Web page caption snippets
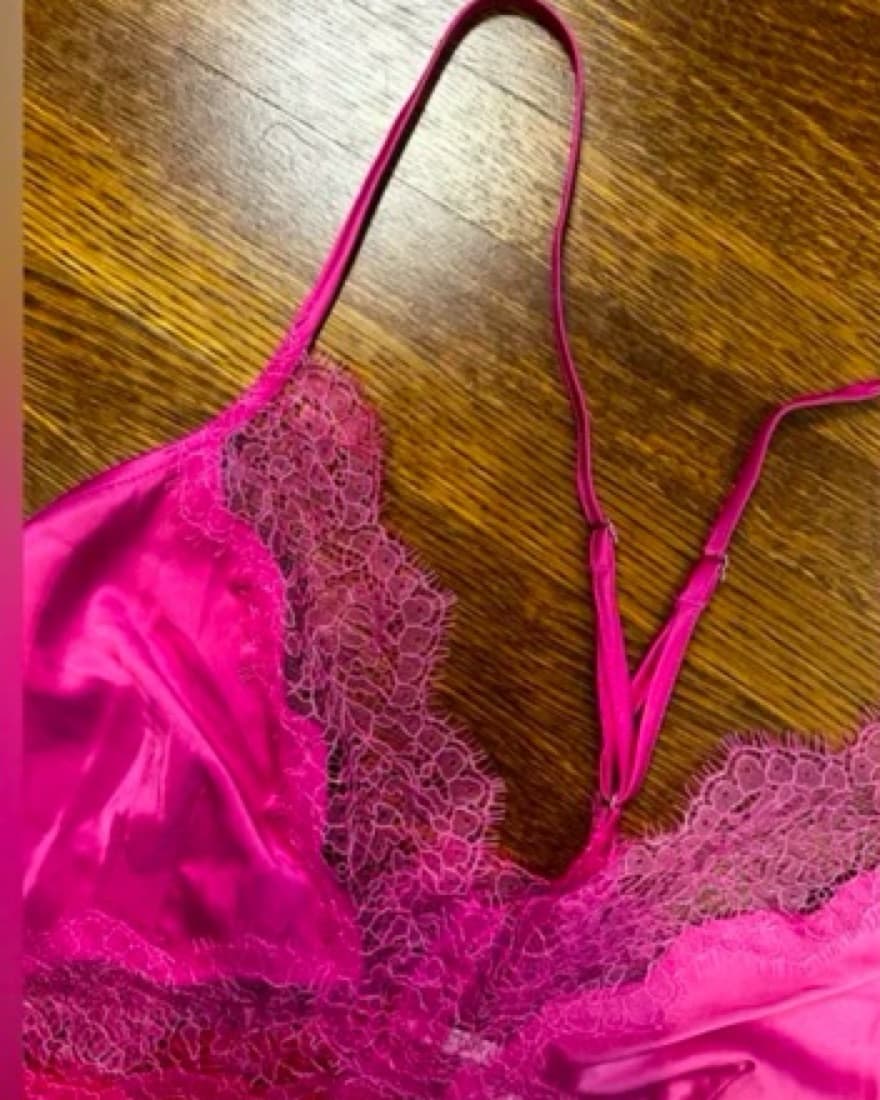 Victoria’s Secret Red and Pink Lace Slip - Image 3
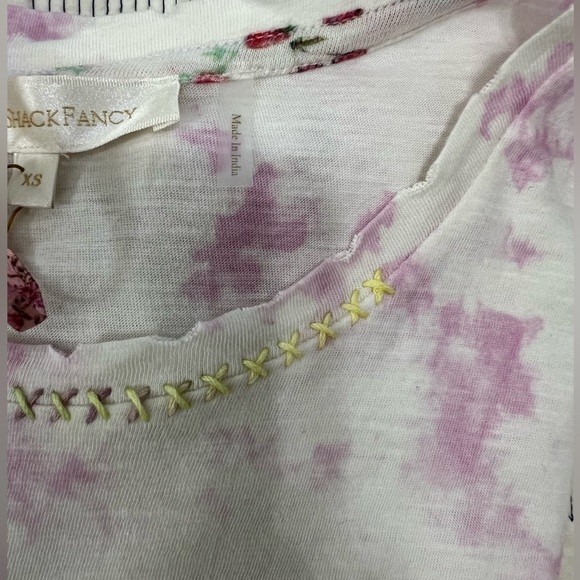 New -LOVESHACKFANCY
RUBIN CROPPED TEE - Picture 8 of 15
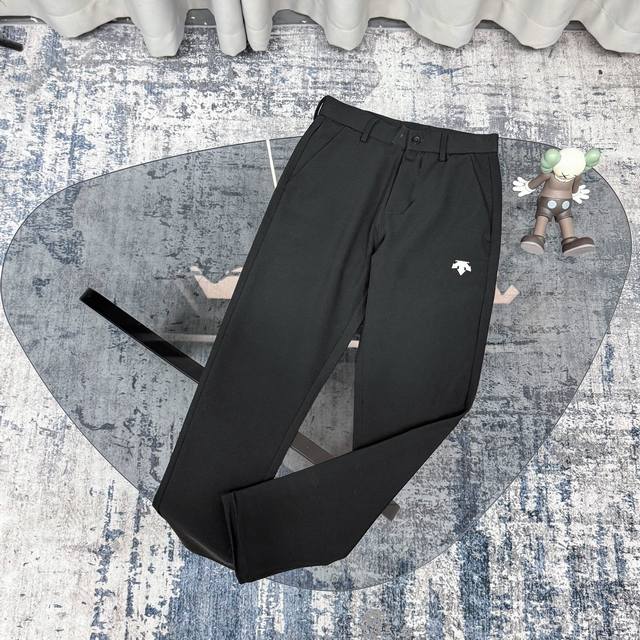 Descente Dissan Black Dress Pants, Dissan's Most Classic And Best-Selling Fashio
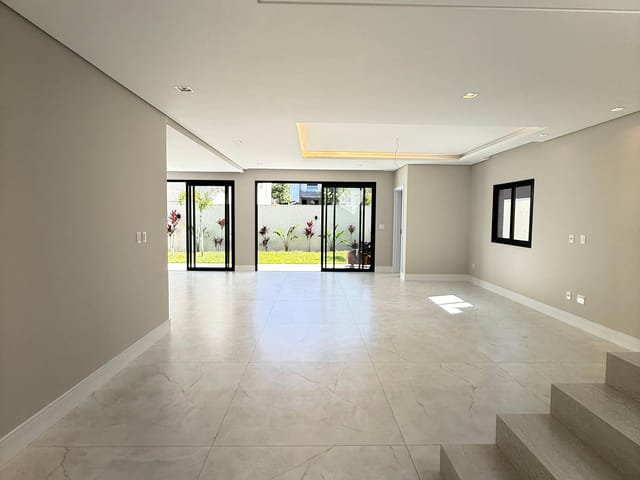Casa com 232m² 4 quartos e 5 banheiros, à venda, no bairro Jardim Carvalho em Ponta Grossa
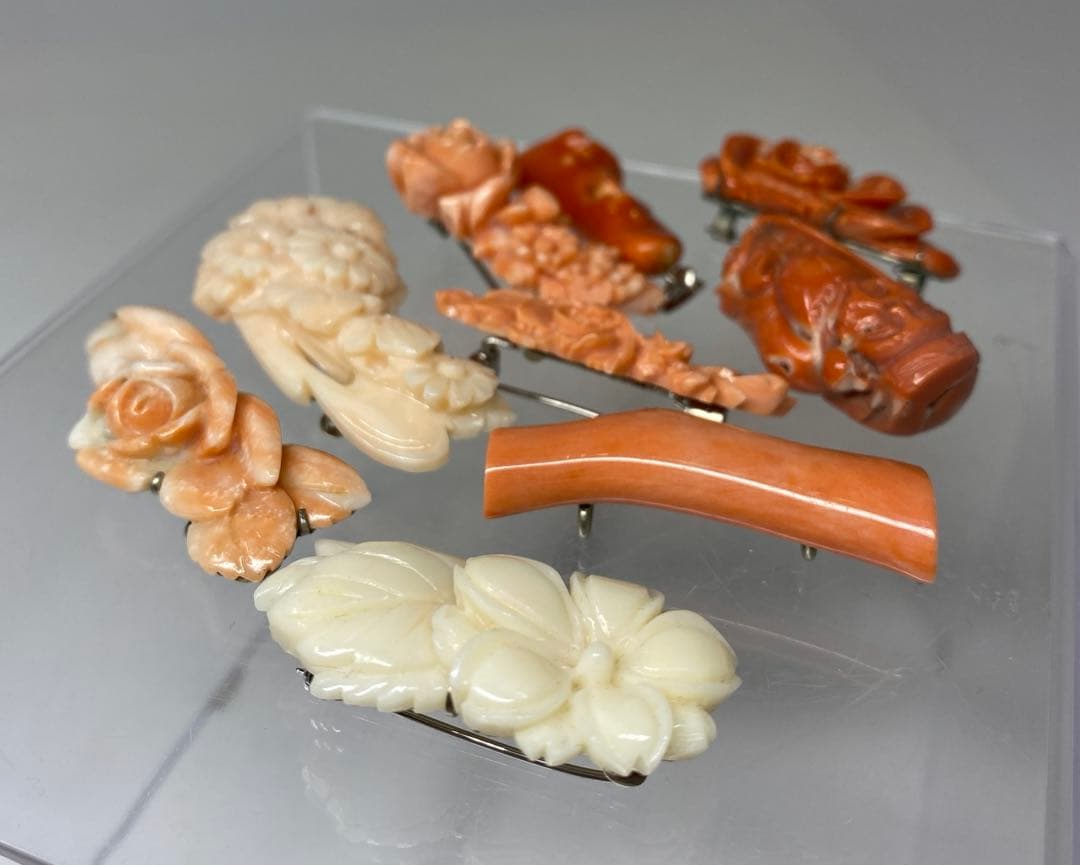 本赤珊瑚　ブローチ、彫刻、帯留　78g 東Y7-0217☆2Fトヒニ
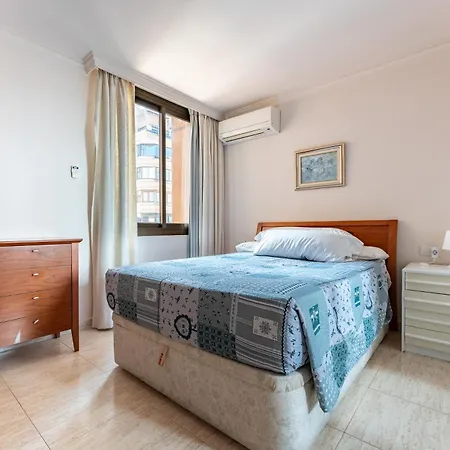 Palmeras Marina View Apartment *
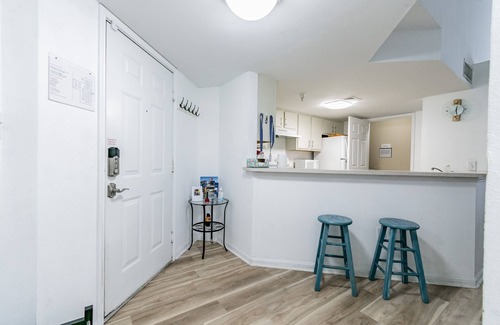 Clearwater Condo | BEAUTIFUL CONDO MINUTES FROM GORGEOUS BEACHES & FAMILY ATTRACTIONS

ASSIGNMENT
From the data above, retype only the lines starting with the line with "New -LOVESHACKFANCY" and going on through the line with "Palmeras Marina View Apartment *", exactly, leaving out the pictures.

TASK OUTPUT
 New -LOVESHACKFANCY
RUBIN CROPPED TEE - Picture 8 of 15
 Descente Dissan Black Dress Pants, Dissan's Most Classic And Best-Selling Fashio
Casa com 232m² 4 quartos e 5 banheiros, à venda, no bairro Jardim Carvalho em Ponta Grossa
 本赤珊瑚　ブローチ、彫刻、帯留　78g 東Y7-0217☆2Fトヒニ
 Palmeras Marina View Apartment *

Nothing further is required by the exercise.